#### [EXERCISE OBJECTIVE]
Excluding pictures, transcribe precisely the lines from the one containing "Besiktas Gymnastics Club" to the final line of the listing below, inclusive, and nothing more.

*** EXTRACTED RECORDS ***

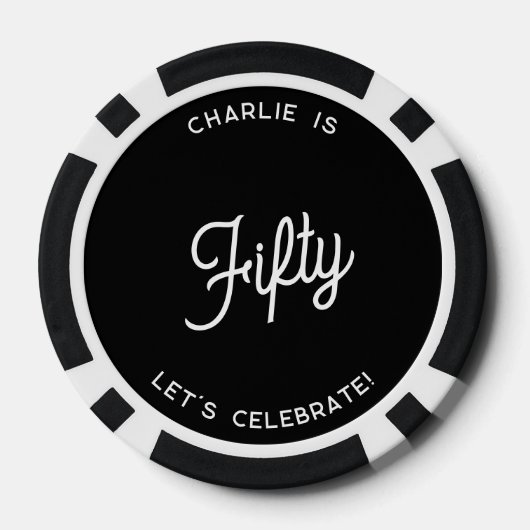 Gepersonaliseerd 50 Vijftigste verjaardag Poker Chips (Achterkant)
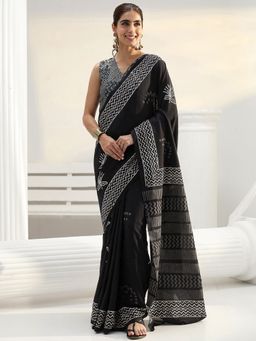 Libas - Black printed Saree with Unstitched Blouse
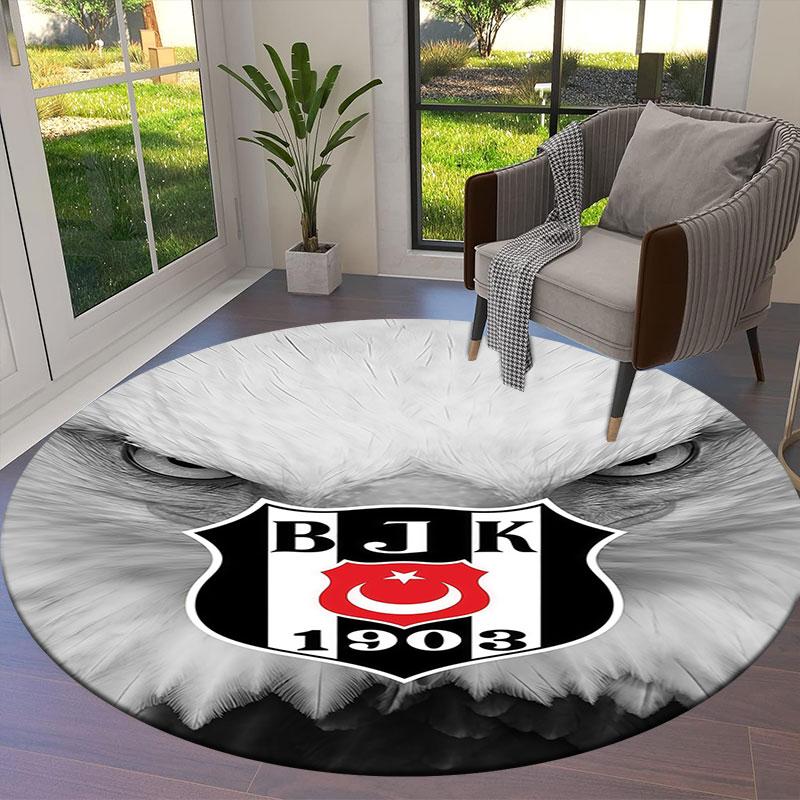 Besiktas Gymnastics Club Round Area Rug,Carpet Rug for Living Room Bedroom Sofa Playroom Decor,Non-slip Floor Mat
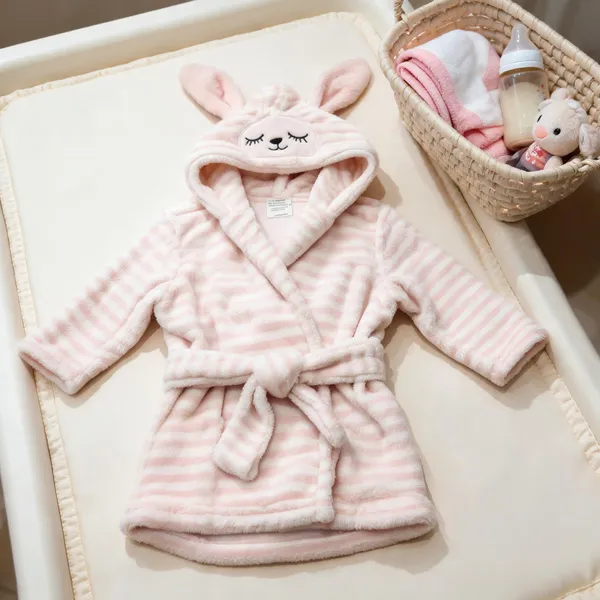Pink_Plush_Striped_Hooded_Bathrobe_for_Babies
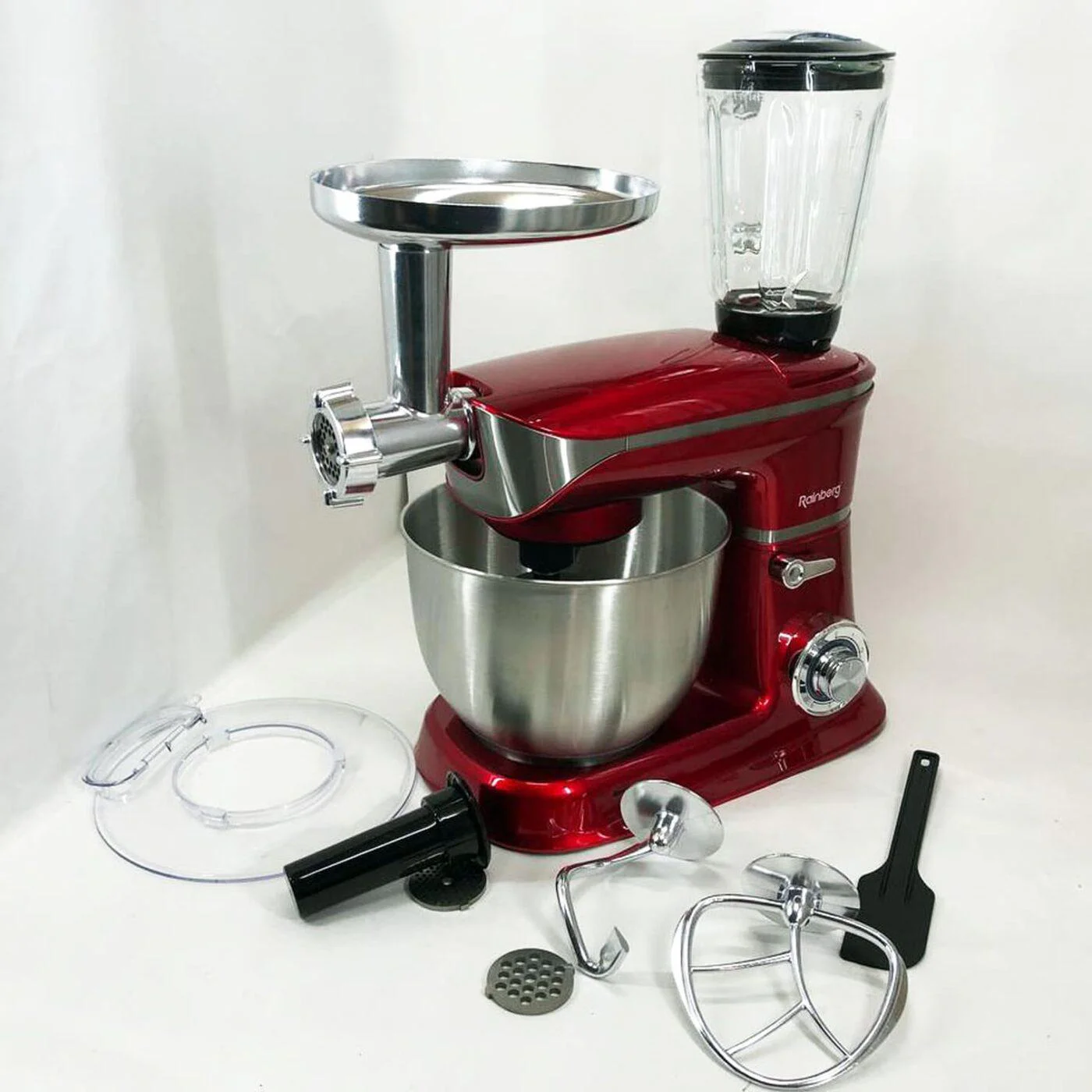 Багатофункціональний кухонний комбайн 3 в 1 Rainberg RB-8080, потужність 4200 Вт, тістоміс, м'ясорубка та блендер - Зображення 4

*** End of EXTRACTED RECORDS ***

#### [ANSWER SPACE]
 Besiktas Gymnastics Club Round Area Rug,Carpet Rug for Living Room Bedroom Sofa Playroom Decor,Non-slip Floor Mat
Pink_Plush_Striped_Hooded_Bathrobe_for_Babies
 Багатофункціональний кухонний комбайн 3 в 1 Rainberg RB-8080, потужність 4200 Вт, тістоміс, м'ясорубка та блендер - Зображення 4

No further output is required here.